Amazon’s ‘Fallout’ Showrunners Defend Changes To Franchise Canon: “There Might’ve Been A Time When You Were A Philistine If You Deviated In An Adaptation, But Not Anymore”
Despite the fact that many of the changes they made to the overall franchise canon did not sit well with large swaths of its fandom, the showrunners behind Amazon’s live-action Fallout show are sticking by their decision to play fast and loose with the original games’ post-apocalyptic lore.
Despite being both critically and fan acclaimed as one of the better Hollywood video game adaptations, Amazon’s Fallout series is not without its issues, the most glaring of which is perhaps the fact that, thanks to its confirmed status as canonical to the original mainline games, its story and setting directly retcons large parts of the franchise’s well-established history.
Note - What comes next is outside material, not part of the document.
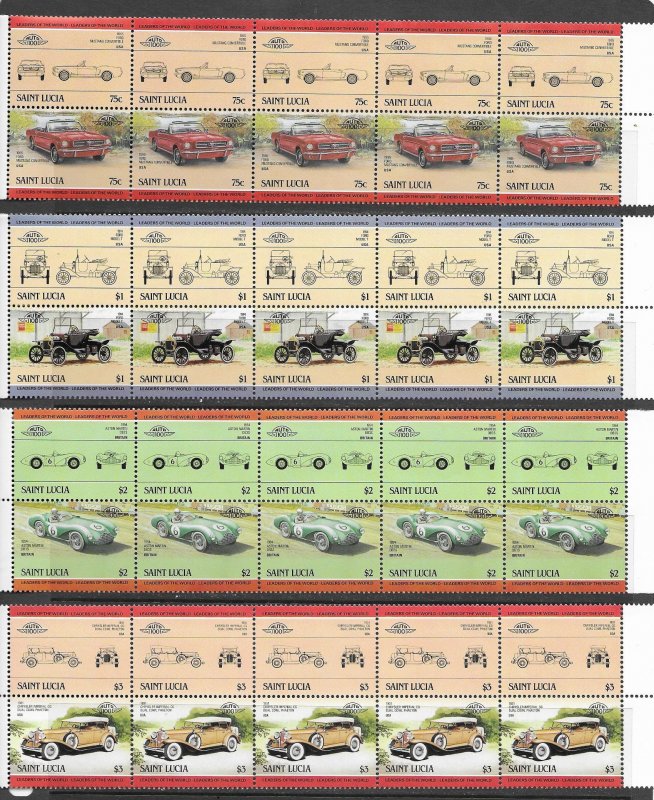 St. Lucia 686-93 MNH Cars cpl. set X 5 sets, VF 2022 CV $18.50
From the confirmation that the NCR and Legion factions of Fallout: New Vegas fame have far less power than originally depicted (with the former even being implicitly wiped out by the Brotherhood of Steel at the end of the first season and the latter seemingly non-existent), to the revival of the Enclave following their elimination at the end of Fallout 2, to the reveal that rather than using the political turmoil around them to their own greedy ends Vault-Tec was actually directly responsible for the dropping of the bombs that turned the world into the nightmarish landscape it now exists as, and much, much more, many fans were baffled (though admittedly not wholly surprised) to see the production team at Amazon so blatantly making changes to the world they knew and love.
However, despite the timeline issues and discrepancies sparked by the series’ changes to canon, showrunners Geneva Robertson-Dworet and Graham Wagner are standing by their creative choices.
Pressed during a recent interview with The Hollywood Reporter‘s Mikey O’Connell as to whether “As IP goes, do you find that video games make for looser adaptations than books?”, Wagner argued, “Jane Austen isn’t sacred anymore. There might’ve been a time when you were a Philistine if you deviated in an adaptation, but not anymore.”
“For Fallout, we did alter the course of the game’s canonical history,” the former Silicon Valley producer admitted. “There was a Reddit thread that had to get shut down. (Laughs.) People were so mad. So it is sort of the new sacred cow in a way. That makes it kind of fun to play with.”
Bouncing off of her partner’s thoughts, Robertson-Dworet added, “Because it’s an open world game, there are many ways the narrative can unfold. It’s not as locked, sequentially, as The Last of Us — where they did a beautiful, very direct adaptation of the video game story. We didn’t have that option, because everyone who plays the game does it in a different order.”
“That was wonderfully liberating, because we got to come up with our own story and our own characters within this world,” said the Captain Marvel co-screenwriter. “When we started this project, we asked ourselves, “What characters would we want to create in this world and mythology?”
At current, the second season of Amazon’s Fallout is currently in production.
However, no official release date has yet been suggested.